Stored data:

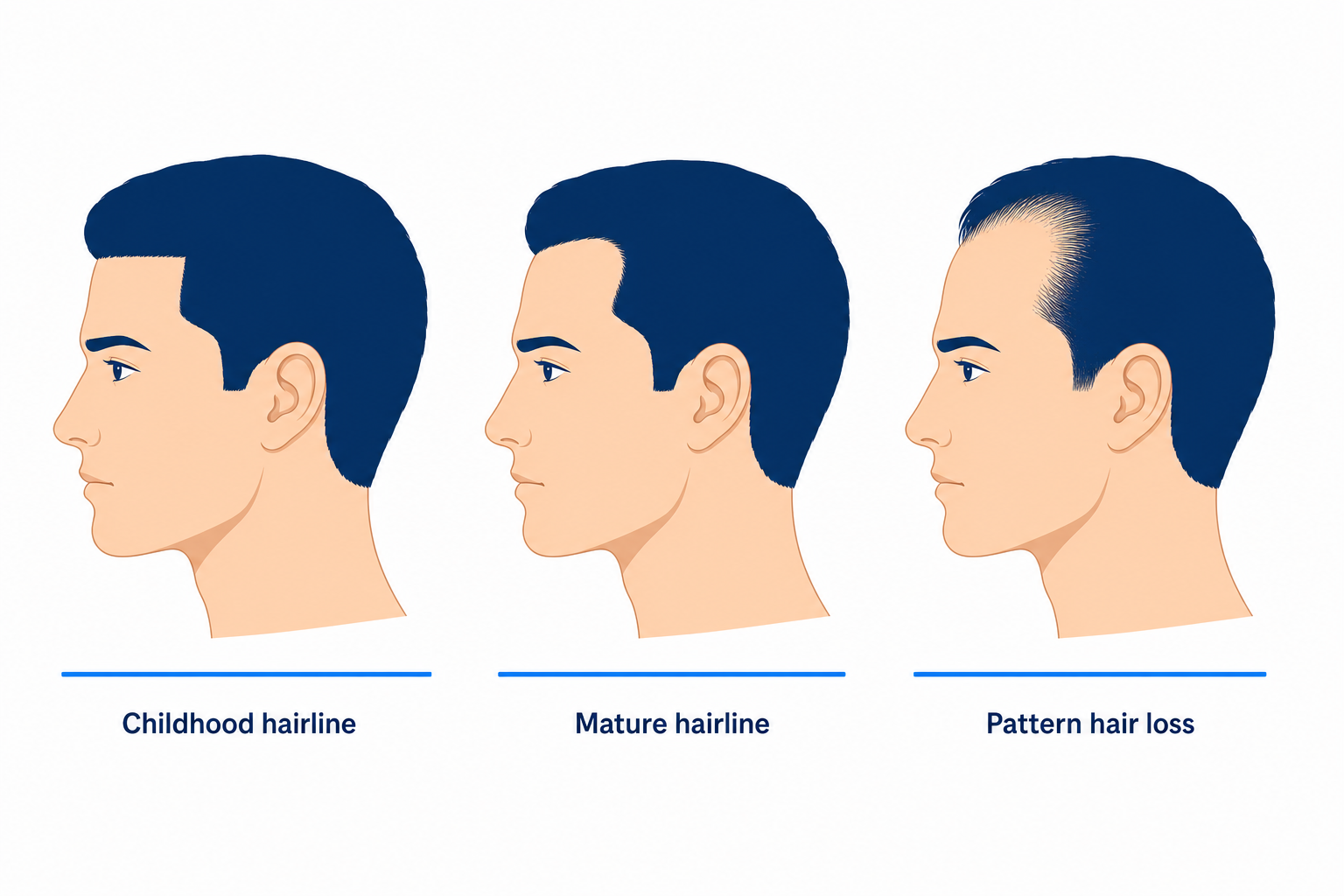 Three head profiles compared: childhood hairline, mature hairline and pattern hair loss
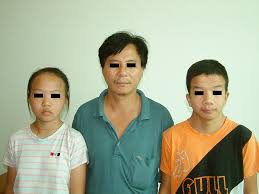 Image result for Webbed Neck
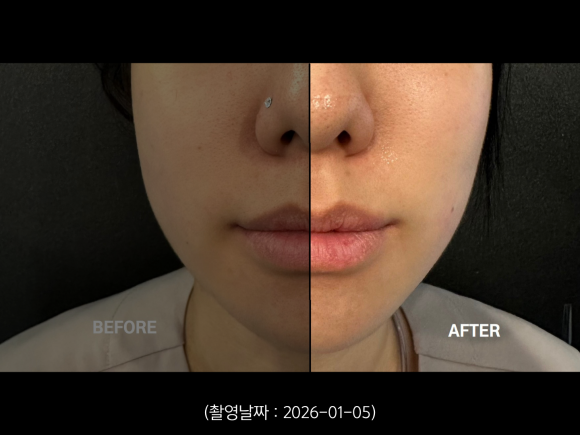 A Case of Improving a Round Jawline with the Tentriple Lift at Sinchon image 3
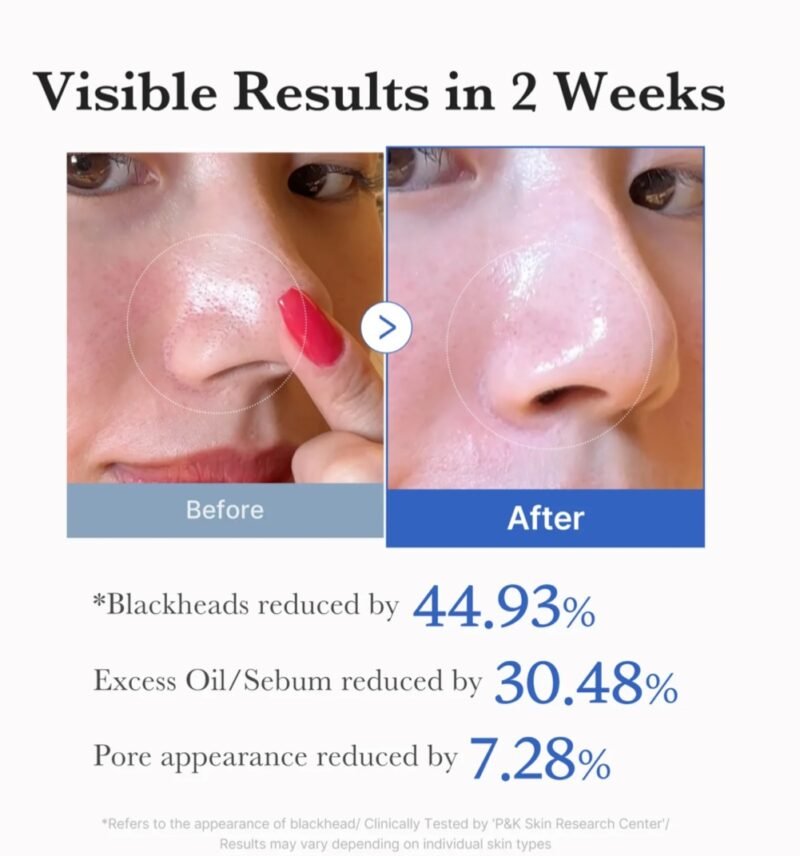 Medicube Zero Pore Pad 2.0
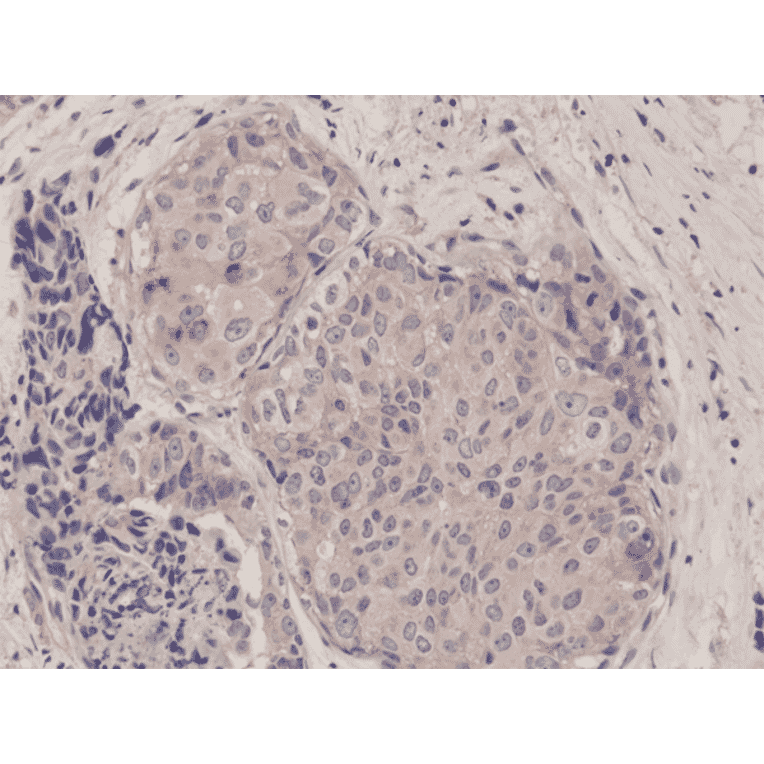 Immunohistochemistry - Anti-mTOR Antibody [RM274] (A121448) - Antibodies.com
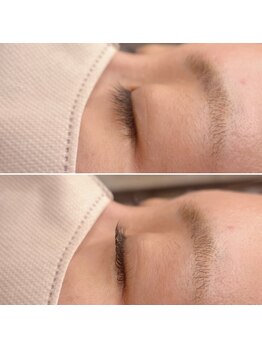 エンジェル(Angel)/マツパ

_Requirement_
Reproduce each entry precisely, dropping only the pictures.

_Task output_
 Three head profiles compared: childhood hairline, mature hairline and pattern hair loss
 Image result for Webbed Neck
 A Case of Improving a Round Jawline with the Tentriple Lift at Sinchon image 3
 Medicube Zero Pore Pad 2.0
 Immunohistochemistry - Anti-mTOR Antibody [RM274] (A121448) - Antibodies.com
 エンジェル(Angel)/マツパ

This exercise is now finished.